Pre-draft measurables
| Height | Weight | Arm length | Hand span | Wingspan | 40-yard dash | 10-yard split | 20-yard split | Vertical jump | Broad jump | Bench press |
| 6 ft 0+3⁄4 in (1.85 m) | 202 lb (92 kg) | 32+1⁄2 in (0.83 m) | 9+7⁄8 in (0.25 m) | 6 ft 4+3⁄8 in (1.94 m) | 4.54 s | 1.56 s | 2.63 s | 34.0 in (0.86 m) | 10 ft 10 in (3.30 m) | 15 reps |
All values from NFL Combine

===Jacksonville Jaguars===
Reed signed with the Jacksonville Jaguars as an undrafted free agent on April 27, 2020. He was waived on September 5, 2020.

===Los Angeles Rams===
On September 9, 2020, Reed was signed to the Los Angeles Rams practice squad. He was elevated to the active roster on November 23 and November 28 for the team's weeks 11 and 12 games against the Tampa Bay Buccaneers and San Francisco 49ers, and reverted to the practice squad after each game. On December 5, 2020, Reed was promoted to the active roster.

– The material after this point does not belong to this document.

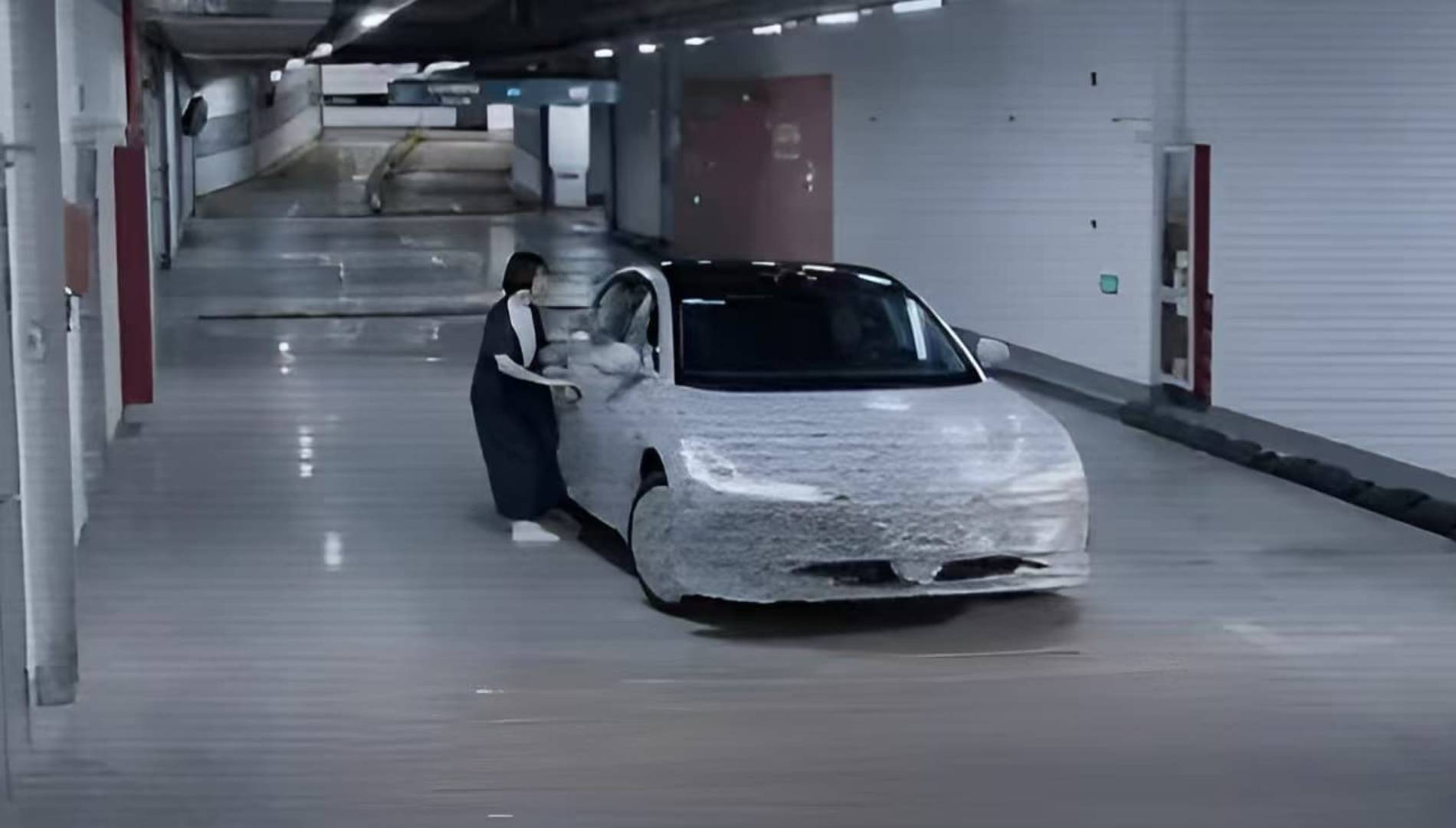 Este coche chino es viral en redes sociales porque es capaz de aparcar solo de una forma muy curiosa. Foto: Car News China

On October 2, 2021, Reed was waived by the Rams and re-signed to the practice squad.

===New York Giants===
On October 26, 2021, Reed was signed by the New York Giants off the Rams practice squad.

===Denver Broncos===
On March 21, 2022, Reed signed with the Denver Broncos. He was waived on August 30, 2022.

===Las Vegas Raiders===
On September 1, 2022, Reed was signed to the Las Vegas Raiders practice squad. He was released on September 27.

===Detroit Lions===
On October 25, 2022, Reed was signed to the Detroit Lions practice squad. He was released off the practice squad three days later.

===Montreal Alouettes===
On May 23, 2023, Reed signed with the Montreal Alouettes of the Canadian Football League (CFL). He was placed on the reserve/suspended list on May 12, 2024, and released on June 17, 2024.

==Career statistics==
===NFL===

Year: Team; Games; Tackles; Interceptions; Fumbles
GP: GS; Total; Solo; Ast; Sck; Sfty; PD; Int; Yds; Avg; Lng; TD; FF; FR; TD
2020: LAR; 7; 0; 2; 0; 2; 0.0; 0; 0; 0; 0; 0.0; 0; 0; 0; 0; 0
2021: LAR; 1; 0; 0; 0; 0; 0.0; 0; 0; 0; 0; 0.0; 0; 0; 0; 0; 0
NYG: 8; 0; 13; 5; 8; 0.0; 0; 0; 0; 0; 0.0; 0; 0; 0; 0; 0
Career: 16; 0; 15; 5; 10; 0.0; 0; 0; 0; 0; 0.0; 0; 0; 0; 0; 0

===College===

| Year | Team | Games |  | Tackles |  |  |  | Interceptions |  |  |  | Fumbles |  |  |
| GP | GS | Total | Solo | Ast | Sack | PD | Int | Yds | TD | FF | FR | TD |
| 2015 | Tulsa | 13 | 0 | 5 | 2 | 3 | 0.0 | 1 | 0 | 0 | 0 | 0 | 0 | 0 |
| 2016 | Georgia | 0 | 0 | DNP |  |  |  |  |  |  |  |  |  |  |
| 2017 | Georgia | 15 | 15 | 79 | 40 | 39 | 1.5 | 7 | 2 | 48 | 0 | 1 | 2 | 1 |
| 2018 | Georgia | 14 | 14 | 66 | 38 | 28 | 1.0 | 4 | 2 | 0 | 0 | 0 | 0 | 0 |
| 2019 | Georgia | 13 | 13 | 54 | 29 | 25 | 0.5 | 8 | 1 | 0 | 0 | 1 | 1 | 1 |
| Career |  | 55 | 42 | 204 | 109 | 95 | 3.0 | 20 | 5 | 48 | 0 | 2 | 3 | 2 |

==Personal life==
His father, Jake Reed, is a former NFL wide receiver who played with the Minnesota Vikings and the New Orleans Saints. Reed is the nephew of former NFL cornerback Dale Carter, and is the first cousin of Nigel Warrior, Dale Carter's son and former NFL cornerback/safety. Both Reed and Warrior participated and were left undrafted in the 2020 NFL draft.